Block, from Sierra Vista, Ariz., is one of about 10 soldiers in the 3rd Infantry Division’s 1st Battalion, 15th Infantry Regiment who say they retain a dual identity: soldier and Marine.

“I know where I’m at now and what I do, but I remember where I’ve been,” said Block, of Company C. “Once you make it through Marine basic, you’re a Marine the rest of your life.”

However, Block said what other former Marines echoed about the service’s toughest part.

“The deployment schedule (for Marines) is more aggressive,” said Block. “There is more family time in the Army.”
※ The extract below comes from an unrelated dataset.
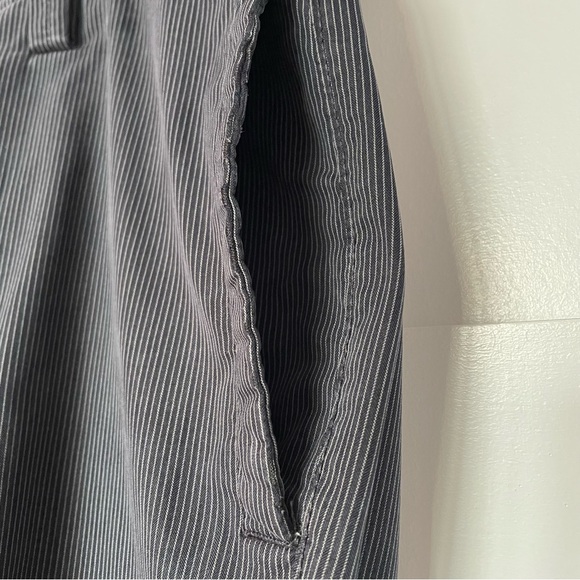 Men’s Khakis by GAP - Picture 6 of 7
Cpl. Paul Bliss, of Willits, Calif., says he left the Marines because he wanted to start a family. In more than four years with the Marines he was deployed to Somalia, Rwanda, Iraq, Jordan, Australia and other places.
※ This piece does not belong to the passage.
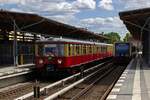 Die �ltesten betriebsf�higen S-Bahn-Fahrzeuge treffen auf einen Vertreter der neuesten Generation: ET 3839 Bln f�hrt in Baumschulenweg ein, w�hrend auf dem Nebengleis 484 010 als S47 in Richtung Spindlersfeld auf die Abfahrt wartet.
He joined the California National Guard in 2002, where he met his wife and eventually returned to active duty.

“I get the question a lot: Who’s better, the Army or the Marine Corps?” said Bliss, of Company B. “They both have their good points and bad points.”

The camaraderie was much closer in his experience as a Marine than in the Army, Bliss said. However, Bliss agreed that the Army was more family friendly.

Some of Bliss’ former Marine buddies rag on him for joining the Army, he says, but Bliss believes his experiences make him a more complete servicemember.

“I don’t see any conflict,” Bliss said. “The Army infantry and Marine infantry both serve a purpose and serve with distinction.”

Sgt. Juan Landron, of Company C, left the Marines in 2002 after eight years.

When he decided he wanted to serve again, it was easier to join the Army, he said. It’s been an adjustment at times to adapt to a service that enforces discipline differently, said Landron, of Veja Baja, Puerto Rico.

“Sometimes the Marine wants to come out and I have to hold it back,” he said.

While he understands his role as a soldier, Landron says he never forgets Nov. 10.

“It’s awesome,” Landron said. “I was born that day. I wasn’t really, but the Marine Corps birthday feels that way to me.”